Advertising Can Be Embarrassing

Thomas D. EliasOP-EDLeave a Comment

Thomas D. Elias
Mr. Elias

Turn on the TV next time a NASCAR stock car race is on and get a good look at the coveralls worn by the drivers. They are covered with patches bearing the logos of many and varied companies that sponsor their automotive efforts, from oil and carmaking companies to breweries.

Now imagine a normally staid state legislative hearing, where politicians of both major parties today show up in conservative business suits. Those folks soon could look like a stock car racing crew if an initiative now circulating makes the November ballot and passes.

The measure, formally called the “Name All Sponsors California Accountability Reform (or NASCAR) Initiative,” would require all state legislators to wear the emblems or names of their 10 top donors every time they attend an official function.

The measure’s sponsor, Rancho Santa Fe businessman John Cox, takes delight in the idea. He already has done some touring around California with 120 life-size photographic cutouts of politicians dressed up as they might have to under his plan.

This idea has some similarity to part of the defeated 2006 Prop. 89, an attempt to set up a publicly financed election system that would also have required every privately-financed political ad, whether on television or in newspapers or mailed flyers, to list its three biggest financiers in type as large as the biggest print anywhere else in the ad.

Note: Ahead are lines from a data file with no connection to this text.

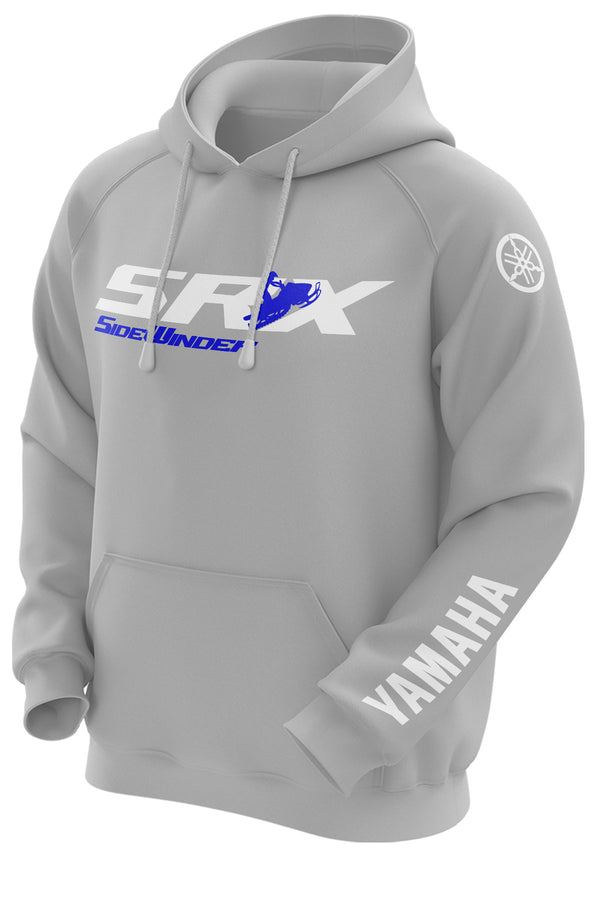Yamaha Jackets, Apparel, Shirts & Hoodies | Yamaha Merch – Sweat Lizard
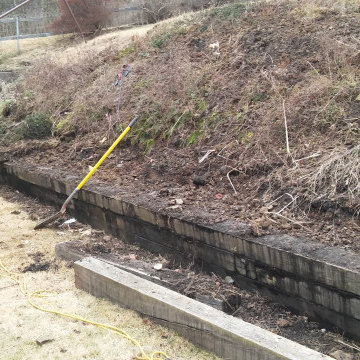 Demolition and Excavating Projects MA, NY, PA, OH, MI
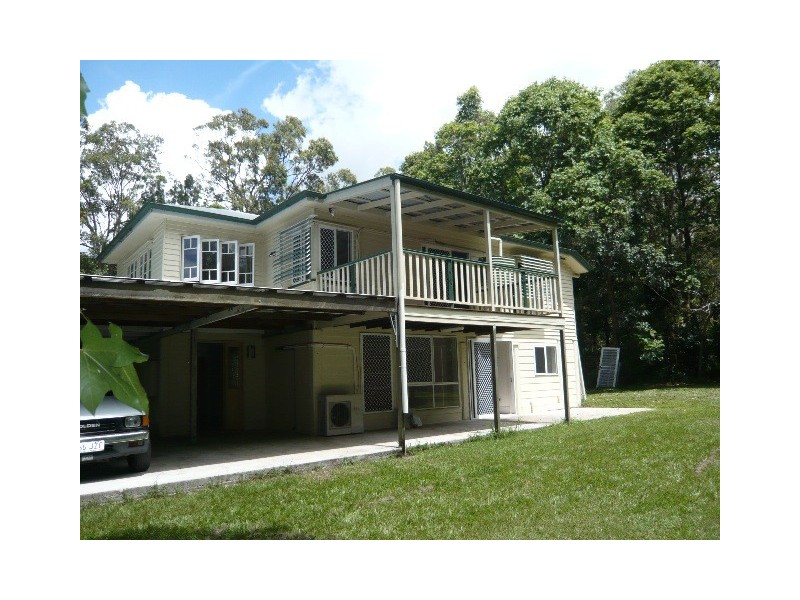 307 Buckley Road, Burpengary QLD 4505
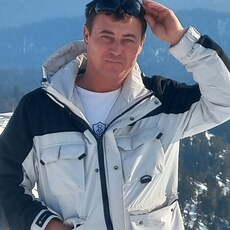 Фотография мужчины Алексей, 43 года из г. Старомышастовская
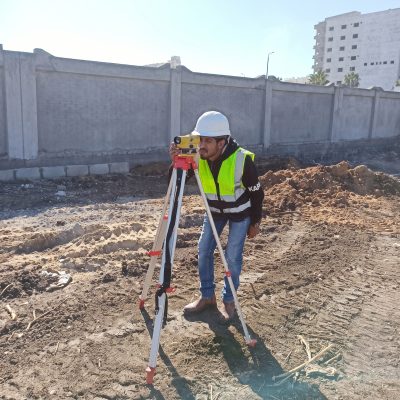 Islam Alaa - Projects Manager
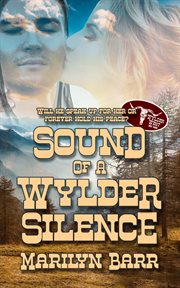 Sound of a wylder silence cover image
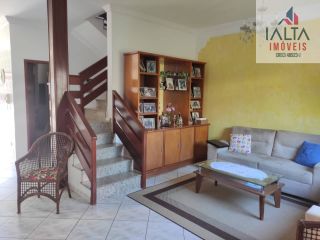 Sobrado lindo na Martim de Sá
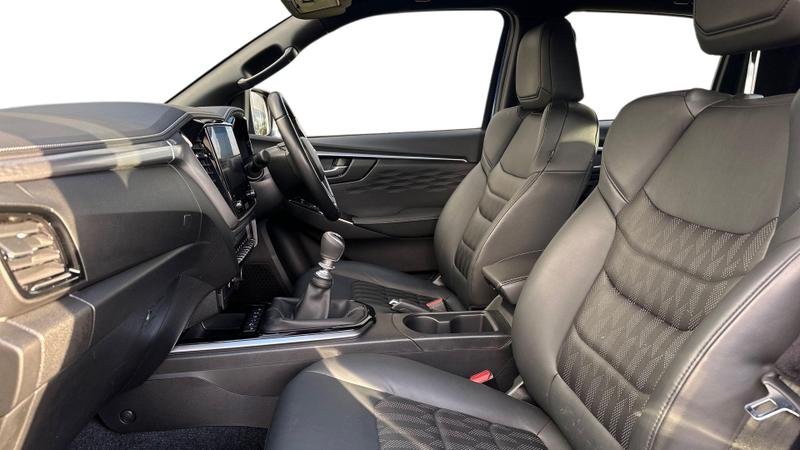 Used Isuzu D-Max 2025 for sale - 77301144: Photo 3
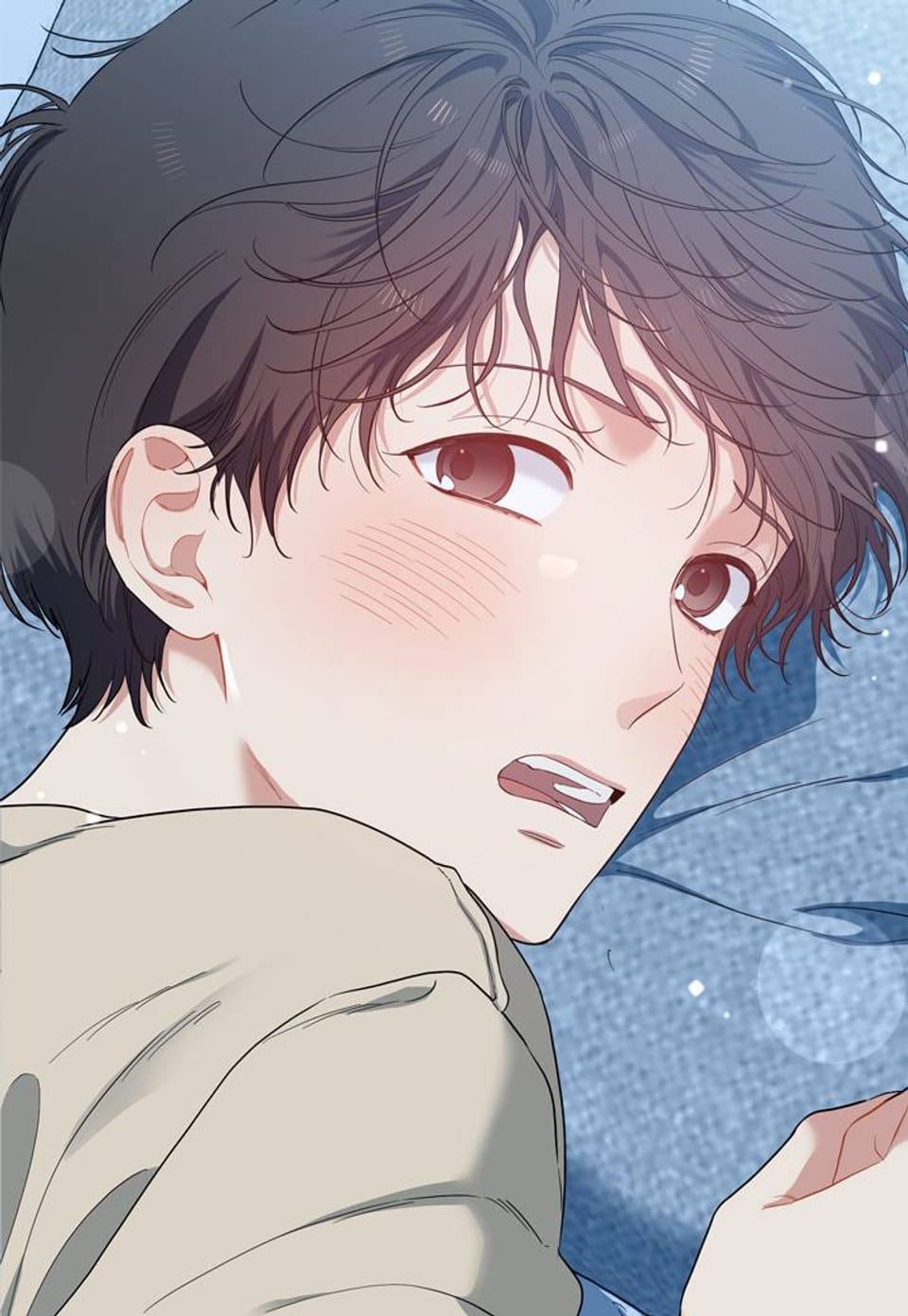 체리 케이크 41화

That proposition lost, but not because of the donor exposure provision. It went down by a 76-24 percent margin because voters didn’t want to be taxed for the sake of politicians.

There is no tax associated with the NASCAR initiative, which Mr. Cox, a former chairman of the Cook County (Chicago) Republican committee, is willing to finance to the tune of $1 million.

“The whole idea is to hold the entire corrupt, stupid system up to ridicule,” said Mr. Cox, who ran unsuccessfully in Illinois for both Congress and the U.S. Senate before moving to California in 2008.

One who appreciates the sentiment behind this is Jamie Court, head of the Consumer Watchdog advocacy group, which sponsored Prop. 89. “This could definitely make politics more racy,” he said. “If this passes, it could turn the statehouse into a nudist colony because no one would want to pin their real owners onto their clothes. We might even discover that the emperors really don’t have any clothes.”

Is This Legal?

There is, you might guess, some question over whether forcing lawmakers to wear signage is constitutional, or might be a violation of their First Amendment free speech rights. Of course, no one forces them to be legislators, any more than stock car race drivers are dragooned into that calling.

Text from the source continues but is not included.